I hope you can come to terms with this realisation and find something worthwhile in you life that may fill that void.

daisychain01 · 04/03/2018 14:28

Op your situation is very unusual in the fact you don’t have a family around

Sadly, it is very common to feel isolated through not having family around, it is the modern disease. 'Community' has fallen away nowadays, as people work increasingly long hours, or have shifted their home base away from family to a different area to find work.

I wish the OP could be open to new ideas, along the lines of "friends are the family we choose for ourselves". She seems to have given up trying, creating a negative thought pattern about "loss of what I cannot have", instead of being hopeful at creating her own possibilities for the future, to meet her own needs. Maybe there is some depression creeping in, we will never know.

The OP is definitely is not old, but age can sometimes become a way of thinking....

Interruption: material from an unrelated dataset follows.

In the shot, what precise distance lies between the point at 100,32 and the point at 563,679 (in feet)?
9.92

GiddyGardner · 04/03/2018 14:29

@Slanetylor me too. I always give meaningful compliments, that person didn't change my life but they certainly made me turn a corner and I will be forever grateful. The right words can (sometimes seemingly small ones) can really make a difference.

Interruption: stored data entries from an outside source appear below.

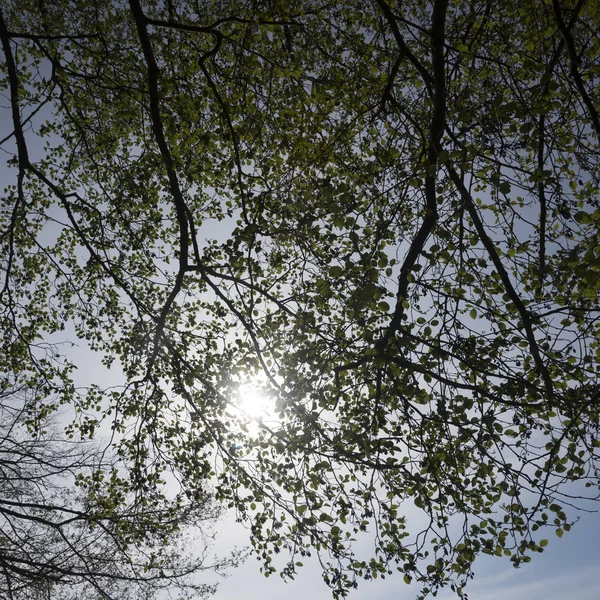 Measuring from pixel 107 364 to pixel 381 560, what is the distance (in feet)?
23.8

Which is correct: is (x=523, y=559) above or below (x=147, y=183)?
below

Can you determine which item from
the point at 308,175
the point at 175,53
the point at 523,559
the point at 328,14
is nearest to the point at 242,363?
the point at 308,175

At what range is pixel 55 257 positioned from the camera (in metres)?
10.5

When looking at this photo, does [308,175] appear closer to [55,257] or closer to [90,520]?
[55,257]

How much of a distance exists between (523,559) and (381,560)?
1655 mm

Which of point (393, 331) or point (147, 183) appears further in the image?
point (147, 183)

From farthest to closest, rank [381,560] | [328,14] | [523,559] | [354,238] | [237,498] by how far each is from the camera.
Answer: [328,14], [237,498], [381,560], [523,559], [354,238]

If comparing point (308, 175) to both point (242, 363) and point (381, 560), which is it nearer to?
point (242, 363)

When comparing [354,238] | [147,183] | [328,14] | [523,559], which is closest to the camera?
[354,238]

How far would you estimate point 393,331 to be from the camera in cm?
493

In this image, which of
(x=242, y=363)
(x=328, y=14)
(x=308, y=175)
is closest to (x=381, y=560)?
(x=242, y=363)

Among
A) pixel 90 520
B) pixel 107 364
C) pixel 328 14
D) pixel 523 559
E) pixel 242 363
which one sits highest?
pixel 328 14

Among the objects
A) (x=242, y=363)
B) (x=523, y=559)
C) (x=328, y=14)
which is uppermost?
(x=328, y=14)

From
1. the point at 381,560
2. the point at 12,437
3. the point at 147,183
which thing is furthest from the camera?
the point at 12,437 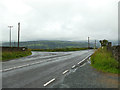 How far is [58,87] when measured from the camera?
18.2 feet

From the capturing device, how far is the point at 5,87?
552cm

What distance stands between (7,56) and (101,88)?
1698 cm

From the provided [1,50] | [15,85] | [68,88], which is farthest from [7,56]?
[68,88]

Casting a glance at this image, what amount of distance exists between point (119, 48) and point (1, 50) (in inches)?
734

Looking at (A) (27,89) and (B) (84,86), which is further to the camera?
(B) (84,86)

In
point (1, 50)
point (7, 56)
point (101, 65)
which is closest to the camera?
point (101, 65)

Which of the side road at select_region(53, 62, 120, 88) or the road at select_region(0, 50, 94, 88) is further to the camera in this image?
the road at select_region(0, 50, 94, 88)

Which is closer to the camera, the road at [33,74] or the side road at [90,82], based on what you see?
the side road at [90,82]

expatinscotland · 04/03/2018 14:43

'Op your situation is very unusual in the fact you don’t have a family around'

That's not unusual. Plenty of people don't have family around, they've had to move for work, family has died, moved away, were toxic, etc. Hmm

PollyPerky · 04/03/2018 15:01

I don't think she said she didn't have any family around in the sense of being geographically close.

I think (without going back several pages to check) she said she didn't have any.

No parents, no siblings, no aunts, uncles, cousins etc.

I questioned why because to lose both parents by the time you are 40 is pretty tough for sure. or if it's a case of being estranged, that's surely worth telling people so we can see the whole picture?

I've mentioned counselling several times Buttered and also something like CBT which would challenge her thinking. Or even a coach (often qualified in counselling too) to challenge her thought patterns and behaviour.

All seems to have fallen on deaf ears.

I don't know what else the OP wants. Handholding is all very well, but if she keeps coming back to MN time after time saying the same thing, but not wanting solutions or strategies, it's really hard to keep empathising alone. Because only she can bring about change.

PollyPerky · 04/03/2018 15:04

here- she says she has no living relatives.

I have no one alive who is a relative, that is correct, some of the relatives you listed there I have never had so it is not that they passed away, they just do not exist.